Couple shares importance of small, local farms
April 5, 2021
Molly Oberg remembered her husband, Ben Oberg, giving her a call from their raspberry patch during their first summer as farm owners.
He told her how there were a lot of raspberries and that he needed her help to pick them. Molly said she wasn’t as involved in the day-to-day farming at this point. Her husband taught her the basics of berry picking and encouraged her to try a berry.
Molly, with a smile, said she will never forget the taste of the bright red berries she picked that day, a sweet memory that moved her to get into the farm business with her husband.
Self-described soulmates, Ben and Molly Oberg, are co-owners of Meyer Produce. It’s a small, family-run 25-acre fruit and vegetable farm in Villa Grove, Illinois that aims to educate the surrounding community, while sharing the values of family and humility.
Despite the differences in their personalities, the Obergs said their unique relationship is part of what makes their small farm special. They said the importance of the stories behind locally-grown produce remain one of the core values of Meyer Produce.
“A farmer’s life is so much more than the product that they sell,” Molly said. “Each one is unique and has a story to tell,”
Ben and Molly Oberg met in church as teenagers in the early 2000s and weren’t fond of each other, according to Molly. They started as unlikely friends and were in other relationships before they started dating in 2012. They married in 2013, went on a week-long honeymoon and then got to work on the farm.
“We had a lot of growing up to do and our separate experiences allowed us to appreciate each other’s values,” Molly said.
Their longtime friend Jeff Meyer offered them the farm and its business.
“We jumped together (into the farming business) with both feet,” Molly said. “And the water was cold. But we haven’t stopped swimming.”
The Obergs still see Meyer nearly every day and consider him family. They said they all get together for dinner once a week. Meyer helps around the farm still, but he has his own hobbies like woodworking and making maple syrup.
“Ben’s a hard worker and Molly is a forward-thinker, especially with the social media stuff,” Meyer said.
The COVID-19 pandemic presented a new challenge for the Obergs. They said they’ve had to adapt to using social media to connect with customers, as well as educate the surrounding community.
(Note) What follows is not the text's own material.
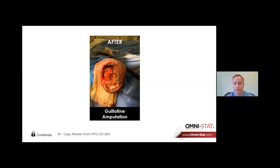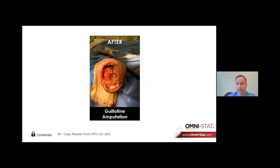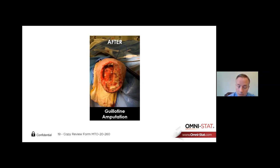This patient ended up with a Chopart amputation. You can see the calcaneus at the bottom with exposed tissue and a lot of bleeding. He had been revascularized and was on anticoagulation — I didn't want to stop it and I didn't use a tourniquet for this. Afterwards, I applied OmniStat, and once the bleeding is controlled, we put a wound VAC over the top.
In their seventh growing season, Ben and Molly Oberg never had an online following — they connected with customers in person at the markets in Champaign-Urbana. They started developing their social media presence and sending a weekly newsletter to update customers on available produce.
“When the pandemic hit, we needed a way to tell people ‘we’re still here,’” Ben said. “Molly’s really the one in charge of that — I’m not a fan of social media.”
The photos they post on social media show off the produce from the year, with an occasional smiling photo of the Obergs and their dogs, Violet and Sheba.
“People have no idea how hard we work to get this stuff here,” Molly said. “They’ll be like, ‘Oh did you pick this morning?’ and I’m like, ‘We’ve been working for 36 hours to make this possible.’”
The Obergs said in a time when small family farms are disappearing and big corporations are losing touch with customers, farms like theirs are needed to educate the next generation.
“It could be as simple as a family sitting down together to watch our Instagram stories or as involved as working with us on the farm or at a farmers market,” Molly Oberg said.
The care Ben and Molly Oberg have for their farm and their relationship with the community around them has roots in family tradition, they said. Both come from close-knit families with an agricultural background and grew up in central Illinois. They both said their parents and siblings will help out with anything.
The employees on their farm feel like a part of the family too. They said Sophia Wegeng, sophomore in ACES started working for them in 2018 and said she loves every moment, whether it’s on the farm or at the market.
“They’re role models for me,” Wegeng said. “I’ve always looked up to them and how they operate as a couple and as business owners.”
The Obergs have goals for the future of their farm. One such goal is to be more sustainable in their farming practices. In 2019, they received state and federal incentives to implement a solar energy system for the entire farm.
Other goals are to open up a farmstand and have events or workshops for families to interact on the Meyer Produce farm.
Above all, Ben and Molly Oberg said they want to support families and touch everyone’s lives through education of the importance of local farms.
“There’s something about farming that brings people back down to Earth,” Molly said.